[Question] Reproducibility and ordering of fields

amazon-ion / ion-go

A Go implementation of Amazon Ion.

https://amazon-ion.github.io/ion-docs/

Apache License 2.0

175 stars 31 forks source link

[Question] Reproducibility and ordering of fields #200

Closed ivanjaros closed 2 months ago

ivanjaros commented 2 months ago

JSON gives not guarantees for ordering of maps and objects, only arrays. This can cause non-reproducible outputs for storage and hashing purposes.

Since Ion is used in Amazon Quantum Ledger Database, I would expect ordering to be handled in a way that results in reproducible results.

Is that the case?

popematt commented 2 months ago

Ion defines equivalence in an ordering independent way, and the Ion Hash algorithm is order agnostic when it comes to struct fields.

When comparing results using the Ion data model, the results are always reproducible. The result of Ion Hash is always reproducible. So, QLDB guarantees reproducible results in that the results are equivalent (not identical).

The distinction between "identical" and "equivalent" is important here. Two serialized values may be equivalent but not identical because there are a variety of valid encodings for many values (e.g. 1.0 is equivalent to 10d-1). In memory (i.e. Ion data model objects) are agnostic of the serialized form, and direct comparison between them is effectively the same as checking for equivalence.

ivanjaros commented 2 months ago

Hm, that is what I thought(since it states to be a subset of json). This is problematic for using ion, or json, as storage format because you cannot guarantee the hash of the content will match, even if no data has changed, only the language/interpreter that produces it.

Thanks for the confirmation.

popematt commented 2 months ago

This is problematic for using ion, or json, as storage format because you cannot guarantee the hash of the content will match, even if no data has changed, only the language/interpreter that produces it.
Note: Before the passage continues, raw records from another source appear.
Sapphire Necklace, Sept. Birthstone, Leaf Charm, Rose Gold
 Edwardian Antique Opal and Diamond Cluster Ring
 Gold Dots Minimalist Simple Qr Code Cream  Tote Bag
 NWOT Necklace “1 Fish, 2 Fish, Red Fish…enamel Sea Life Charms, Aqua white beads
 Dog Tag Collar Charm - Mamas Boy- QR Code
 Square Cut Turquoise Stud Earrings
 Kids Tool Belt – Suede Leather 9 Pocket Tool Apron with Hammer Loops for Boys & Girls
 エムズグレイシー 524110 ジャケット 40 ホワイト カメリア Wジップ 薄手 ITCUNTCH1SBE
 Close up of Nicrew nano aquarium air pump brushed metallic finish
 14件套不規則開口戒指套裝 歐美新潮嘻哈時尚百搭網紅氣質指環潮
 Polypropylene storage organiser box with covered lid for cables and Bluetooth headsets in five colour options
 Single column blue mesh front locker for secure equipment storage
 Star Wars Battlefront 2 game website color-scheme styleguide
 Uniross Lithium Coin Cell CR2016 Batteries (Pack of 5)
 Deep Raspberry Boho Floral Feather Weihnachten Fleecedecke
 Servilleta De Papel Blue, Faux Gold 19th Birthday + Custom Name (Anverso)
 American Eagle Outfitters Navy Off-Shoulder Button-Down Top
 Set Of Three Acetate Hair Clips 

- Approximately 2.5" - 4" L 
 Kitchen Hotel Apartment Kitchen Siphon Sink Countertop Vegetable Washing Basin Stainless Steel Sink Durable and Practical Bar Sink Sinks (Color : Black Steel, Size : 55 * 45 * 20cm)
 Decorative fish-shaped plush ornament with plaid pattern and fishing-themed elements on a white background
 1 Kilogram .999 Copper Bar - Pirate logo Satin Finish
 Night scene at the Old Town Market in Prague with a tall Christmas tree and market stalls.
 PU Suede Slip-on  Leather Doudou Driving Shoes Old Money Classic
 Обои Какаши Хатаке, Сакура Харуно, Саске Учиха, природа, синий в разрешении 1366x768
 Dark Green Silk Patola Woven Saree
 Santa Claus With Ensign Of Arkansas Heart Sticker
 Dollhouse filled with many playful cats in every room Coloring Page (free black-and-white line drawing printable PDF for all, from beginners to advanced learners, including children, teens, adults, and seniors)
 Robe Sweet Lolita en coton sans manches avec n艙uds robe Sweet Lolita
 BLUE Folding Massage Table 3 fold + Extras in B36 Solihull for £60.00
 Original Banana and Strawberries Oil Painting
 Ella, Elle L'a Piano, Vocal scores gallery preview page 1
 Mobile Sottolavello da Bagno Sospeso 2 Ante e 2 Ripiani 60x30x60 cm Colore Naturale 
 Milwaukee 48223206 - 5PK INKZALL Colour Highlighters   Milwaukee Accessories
This is why we developed the Ion Hash algorithm that I mentioned. Using the Ion CLI, we can see, for example, how Ion Hash can produce a hash that is independent of the ordering of struct fields, whitespace, and the specific encoding of e.g. a decimal value.

$> echo "{foo:1.0,bar:2}" | ion -X hash sha-256
3272f0d8ca9c0252d0f218d516da65cff2129fff413d2c2a8ca8e7d9f13080c3

$> echo "{ bar: 2, foo: 10d-1 }" | ion -X hash sha-256
3272f0d8ca9c0252d0f218d516da65cff2129fff413d2c2a8ca8e7d9f13080c3

If you use the tooling developed for Ion, you can guarantee that the hash of the content will match.

ivanjaros commented 2 months ago

That is very good, but that also means it has to parse that data before hashing it which imposes significant performance penalty than merely hashing raw bytes.